Она затронула и вашу семью?

Да, нас выдал живший на нашей улице предатель по фамилии Дубинин. Еще в начале войны он, чтобы избежать мобилизации, отрубил себе три пальца на левой руке. Когда пришли немцы, Дубинин стал с ними сотрудничать. Он донес немцам, что моя сестра – в партизанах. Ночью фашисты нагрянули к нам в дом. Я спал на печке, проснулся от злого окрика: «А ну, слезай, щенок!» Предатель стянул меня с печки. Посреди хаты со связанными руками стояли мама и сестренка Валюшка. Мне тоже связали руки и всех троих увели в тюрьму.

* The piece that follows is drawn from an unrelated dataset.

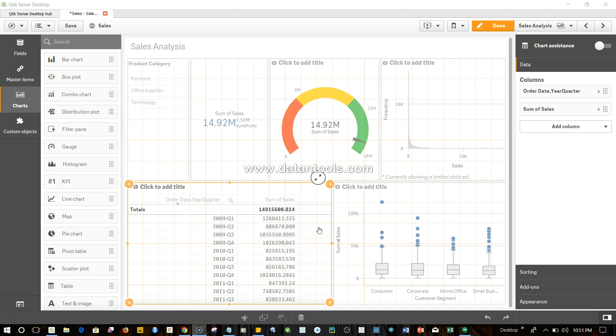Hi there, welcome back to the next video. In this video, I will show you some of the functions related to charts which are very helpful in nature. Let's go ahead and see the first function.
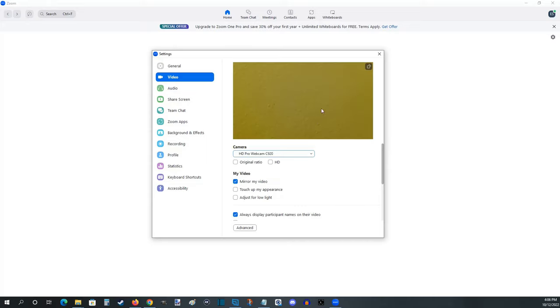And it'll show us a preview of what the webcam sees. Now I just have my webcam pointed at the wall, so that's what you currently see. This is just a way to preview to make sure that your webcam is working and this is the camera that will be used.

Маму пытали, хотели узнать, где находится партизанский отряд, как связаться с сестрой. Она не знала, и ее жестоко избивали прямо на наших глазах. На одном из таких допросов мама упала на пол, и фашисты стали сечь ее плетью. Мы с сестренкой кинулись к ней, пытались закрыть ее своими телами. Тогда немцы выпустили огромную рыжую овчарку… У меня до сих пор на ноге шрам от ее зубов.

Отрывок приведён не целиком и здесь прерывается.